Regarding Docker - I’m running the Linux based container in Docker on Windows 10. So I believe it runs in a VM anyway.

1 Like

Aside from setting DOTNET_GCHeapHardLimit , can you also compare the values of /proc/sys/vm/overcommit_memory inside docker and fly.io?

1 Like

checked it last night, 0 in both docker and fly

1 Like

This is probably crashing because our VMs don’t include swap. The out of memory error is showing the process using more RAM than is available.

The weird part is, the .NET runtime throws OutOfMemory exception (as expected) when the .NET app is ran on their local docker installation; whereas on Fly, the app instead ends up being killed by the Kernel. That is, the .NET runtime acts as if it is oblivious to the amount of RAM available inside a Fly VM (which is strange).

Yeah, I believe the process is using more ram than the .NET runtime indicates, and probably going into swap on Docker.

The OOM error shows a lot more RAM in use than the .NET tracking does:

Killed process 515 (dotnet) ... anon-rss:202216kB

vs

Allocating next 10Mb, i = 20 (total: 200Mb)
1 Like

nah this is just the iteration * 10 result, meaning how much I’m allocating in a loop. The private memory size is reported in a line above and it is indeed higher than expected:

2022-08-30T16:10:52.502 app[79e9d943] fra [info] ENV: 79 MB/221 MB. PrivateMemorySize 252 MB

Anyway this is somewhat aligned with the memory usage reported by the oom killer.
I can see now in the logs the env memory usage is not refreshed frequently enough; will try to improve it and post updated logs.

Docker and swap is an interesting point, I missed it in my docker-compose. However I tried it again now limiting swap to 0 (set both mem_limit and memswap_limit to the same value of 192m) and still get the System.OutOfMemoryException (let’s agree on calling it a graceful fail. Still better than getting killed by the OOM killer). I also adjusted the app to report more current environment memory available (it was not being updated in the loop, happened randomly at garbage collection).
Also added logging the /proc/swapon content.

This is my docker-compose:

services:
  memintense:
    build: .    
    mem_limit: 192m
    memswap_limit: 192m 

and the output from local docker; again - dies gracefully.

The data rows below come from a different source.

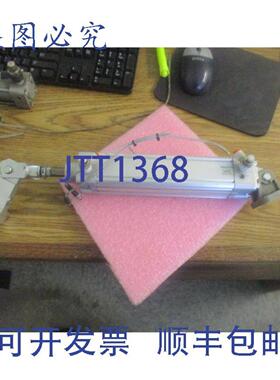 供应型号DNC-40-160-PPV-APN163343 气缸带 2 175484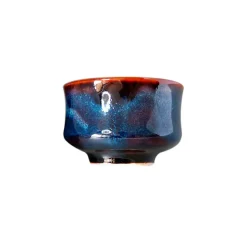Art De La Table<Boutiques de musées Bol Padma Océan - ZaoZam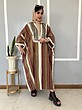 مانتو مدل هنا کد 7263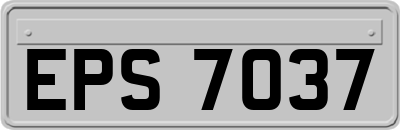 EPS7037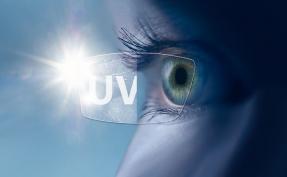 Verres Varilux Verres Varilux
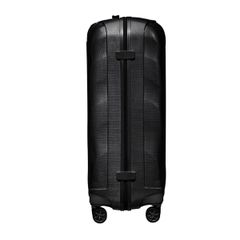  Vali Samsonite C-Lite size 30 màu đen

memintense_1  | Allocating next 10Mb, i = 14 (total: 140Mb)
memintense_1  | ENV: 145 MB/144 MB. PrivateMemorySize 207 MB
memintense_1  | SWAP: Filename                          Type            Size            Used            Priority
memintense_1  | /swap/file                              file            4194304         0               -2
memintense_1  |
memintense_1  | Allocating next 10Mb, i = 15 (total: 150Mb)
memintense_1  | Okay, got OutOfMemoryException!
memintense_1  | Out of memory.
memtestplain_memintense_1 exited with code 139

and the fly.io deployment

2022-09-01T20:55:03.378 app[88457826] fra [info] Allocating next 10Mb, i = 19 (total: 190Mb)
2022-09-01T20:55:03.608 app[88457826] fra [info] ENV: 216 MB/221 MB. PrivateMemorySize 239 MB
2022-09-01T20:55:03.626 app[88457826] fra [info] SWAP: Filename Type Size Used Priority
2022-09-01T20:55:03.632 app[88457826] fra [info] Allocating next 10Mb, i = 20 (total: 200Mb)
2022-09-01T20:55:03.644 app[88457826] fra [info] [ 1.012858] Out of memory: Killed process 516 (dotnet) total-vm:3026240kB, anon-rss:202216kB, file-rss:0kB, shmem-rss:0kB, UID:0 pgtables:624kB oom_score_adj:0

I understand it’s getting killed because it allocates more memory than allowed; what I don’t understand is why it actually happens, why is dotnet runtime not detecting what is coming. I believe this is the root cause of the asp.net app dying.

the important bit, not only for me, but for any future customer planning to deploy .NET app here is to figure out how it will behave under actual load. Will the load kill the app, or will the .NET framework respect the limits somehow?

1 Like

Swap-limit accounting is disabled on Ubuntu/Debian by default, and so it looks like memswap_limit had no effect in your test (I see a 4gb swapfile in that log output). It does seem like the difference in the Docker test is that it’s using swap.

2 Likes

Good catch. Will try to use modified base image to enable the memswap limit as per the docs you linked

1 Like

How about a swap = size_as_percentage_of_available_ram in fly.toml as an experimental feature?

Just a small tip: OutOfMemoryException in .NET is not 100% guaranteed to be caught. That beast is somewhat similar to StackOverflowException. Most of the times you can catch it, but sometimes you can’t; it all depends on memory conditions the app runs at. If the memory exhaustion is catastrophic enough then there may be no room left to execute the exception handler.

A common advice is to keep the OutOfMemoryException handler as short and memory savy as possible. For instance, instead of calling Console.WriteLine method one should consider Environment.FailFast which requires minimal memory allocations and thus has a bit more chances to “survive” the exhaustion with some observable outcome.

2 Likes